The unprecedented erosion of stock market value in recent months has created enormous buying opportunities for investors, and while more short-term declines are possible, returns in the next three to five years will be hefty, portfolio managers said on Thursday.

Speaking to financial advisors and investors during a Web cast, Joe Canavan, chairman and CEO of United Financial and Assante Corp., said strong recoveries that have followed historical market crises indicate that a market resurgence is on the way.

“We see this as a time of significant opportunities in the next three to five years,” Canavan said.

Financial companies currently represent a particularly attractive investment, he said.

“Financials are severely undervalued in many instances,” he said, noting that some companies’ shares are down between 70% and 90% from their peaks.

Daniel Bubis, the president and CIO of Tetrem Capital Management, said current stock valuations represent some of the best buying opportunities in 50 years.

He encourages investors to buy stocks of companies with strong balance sheets, and to avoid companies with too much leverage.

As an example, Bubis said the Big Five Canadian banks represent solid investment opportunities since they are well capitalized.

“They’re fairly bullet proof,” he said, adding that Canada’s banking system is currently the most solid system worldwide.

He warned that in the next few months, the banks’ stocks could face a rough ride since their earnings are being hit by the challenging economic environment.

But he added that the banks’ earnings in recent years have been unusually high, and any softening would bring them down to a level that’s still solid, and more sustainable.

Bubis warned that as a value manager, he is cautious about the Big Five bank shares since they are still trading at a premium to their book value. He noted that in previous bad credit cycles, bank shares have traded down towards book value.

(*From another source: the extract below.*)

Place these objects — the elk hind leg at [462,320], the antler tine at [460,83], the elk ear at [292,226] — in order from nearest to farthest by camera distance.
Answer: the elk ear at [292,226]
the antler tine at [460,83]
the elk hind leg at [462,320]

Ulitmately, however, he said their book value would grow, creating strong long-term potential.

Many buying opportunities also exist among American financial institutions, according to Christopher Marx, senior portfolio manager at AllianceBernstein L.P. He said some of the government’s liquidity efforts have successfully alleviated pressures on the banks, setting the stage for strong performance.

“From a value manager’s perspective, this is an extremely attractive market,” said Marx.

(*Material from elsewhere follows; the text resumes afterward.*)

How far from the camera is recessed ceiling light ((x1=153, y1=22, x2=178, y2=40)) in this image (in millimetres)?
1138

He pointed to Citigroup as one example, which is currently trading at between 33% and 40% of its book value.

Other sectors showing strong potential buying opportunities include energy, technology, and pharmaceuticals, according to the portfolio managers.

While oil and other commodity prices could continue to fall, any erosion below current prices would be short-lived, according to Bubis.

“It would be very temporary,” he said. “Eventually demand will recover.”

In considering market conditions in the months ahead, Canavan said the bear market is not likely to last much longer. Historically, the average bear market ranges from 12 to 15 months, and the current one has already lasted for 14 months, he noted.

“I think that bodes well for us.”

The portfolio managers also noted that credit market conditions are beginning to improve, which is positive for the economy going forward.

“You’re seeing credit gradually coming back,” said Bubis. But he noted that banks are re-pricing their loans and demanding higher spreads to lend in what they perceive as a riskier environment.

This is part of an adjustment process that will ultimately see the price of loans settle at a level higher than the “absurdly” low levels they reached prior to the credit crisis, according to Marx. “We need to find the equilibrium.”